Cet homme est une perle. Une perle rare même. Que ce soit le dessin, la photo, la peinture, la musique, partout il excelle. Gagnons du temps et disons-le, CharlElie Couture est un surdoué. Le génial et prolixe touche-à-tout revient donc avec 13 morceaux flambant neufs. Après Lafayette, qui vit le jour il y a trois ans en Louisiane, Même Pas Sommeil est un album qui s’est écrit entre New York et Paris.

Toujours affublé de cette voix nasillarde reconnaissable entre mille, un peu comme celle de Christophe Mahé mais pas pour les mêmes raisons… arrgh, je sens que je vais m’énerver ! Couture fait part de ses doutes, ses angoisses pour les générations futures. Toi, Ma Descendance ou Les Heures Caniculaires sont les plus belles façons de nous dire que la planète est bousillée et qu’il est peut être trop tard.  Il évoque aussi d’autres sujets d’actualité comme les bavures policières avec Another Man Blues. Sur fond de blues (forcément !), à grands coups d’harmonica, le tout renforcé par une batterie très lourde, le chanteur détaille, s’exprime, s’attriste d’une voix plaintive, quasi éraillée par moments. Le sujet, il le connaît et s’y intéresse, lui qui vit aux Etats-Unis depuis une quinzaine d’années.

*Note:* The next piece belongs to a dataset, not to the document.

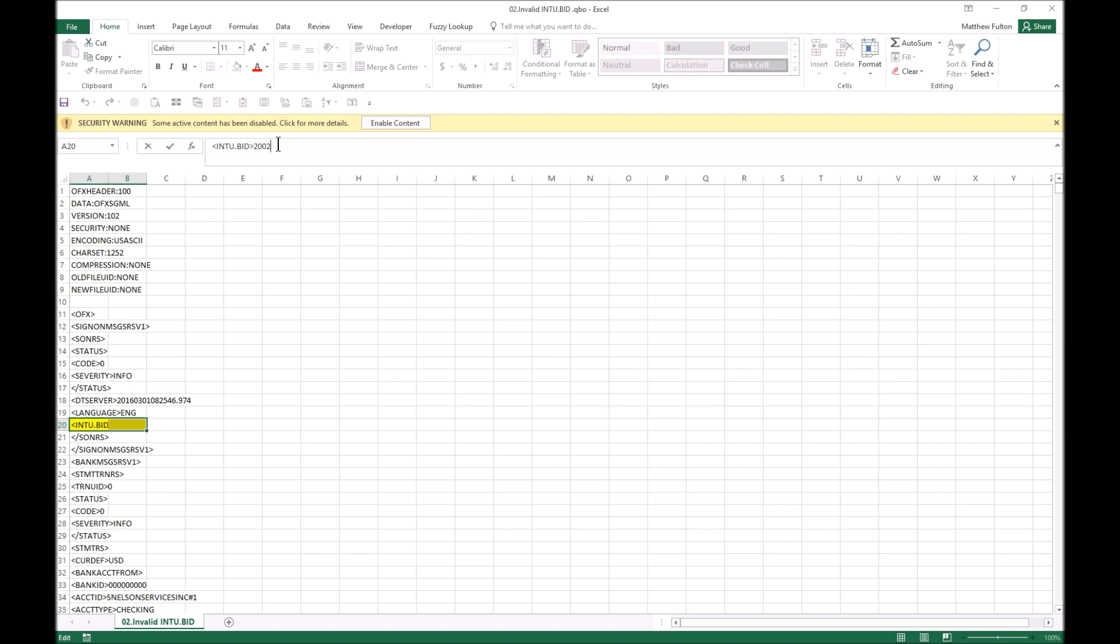This specific portion - that's what needs to be changed. You're going to take the 2002, which is not a valid number. The common universal number is actually Wells Fargo's number, but it's one that seems to always work, so people use it all the time - that's 3000.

Toujours intéressé par le monde de l’entreprise et ses dérives, il y a quelques années, il écrivait Le Grand Bureau Du Haut, sorte de description réaliste, cynique, et horrible du business, quel qu’il soit. Cette fois, il s’attaque à la fin de carrière. Le Lamantin est une sorte de fête de boulot qui tourne mal, celle où l’employé sait qu’il va se faire virer, que sa vie va chavirer en quelques instants. C’est une sorte de conte tragique moderne. 

Car CharlElie Couture est un conteur. Il l’a toujours été. Il n’y a qu’à réécouter La Ballade Du Mois d’Août 75 pour s’en souvenir. Comme un peintre qu’il est chaque détail compte. Preuve en est lorsqu’il décrit si bien Paris dans Même Pas Sommeil (le morceau). Paris au petit matin, un jour d’insomnie, sur un fond de jazz, genre piano bar. Un style qui, là aussi, lui est si cher. Paris, ville à laquelle il tient. Avec À Paris Je Péris, sur fond de guitare reggae et de rythmique rock,  il évoque la solitude d’une grande ville, le cafard que chacun peut ressentir, à tout moment.

Dans Ode À L’Est et Ode À L’Est #2, il parle de ses contrées. Là où il a grandi, une sorte d’hommage à Nancy, sa ville d’origine. Ca pourrait presque faire penser à une sorte de réponse au morceau Le Sud, de Nino Ferrer. Un peu comme lorsque Miossec évoque Brest. Puis vient le moment de conclure. Pas de youp la boum ici ! Non non, les fins d’albums rigolotes pour faire marrer le quidam, c’est pas le genre de la maison. Résister Sister est un morceau mélancolique. Il aborde le douloureux thème de la séparation, avec classe et superbe. Pas de chichis. On n’est pas chez Stromae qui en fait des caisses lorsqu’il hurle Formidable !  Non, ici l’ambiance c’est piano-voix, ponctué de quelques notes de trompette bien placées. Ambiance jazzy, clope, et bouteille de scotch sur fond de lumière tamisée pour morceau sublime.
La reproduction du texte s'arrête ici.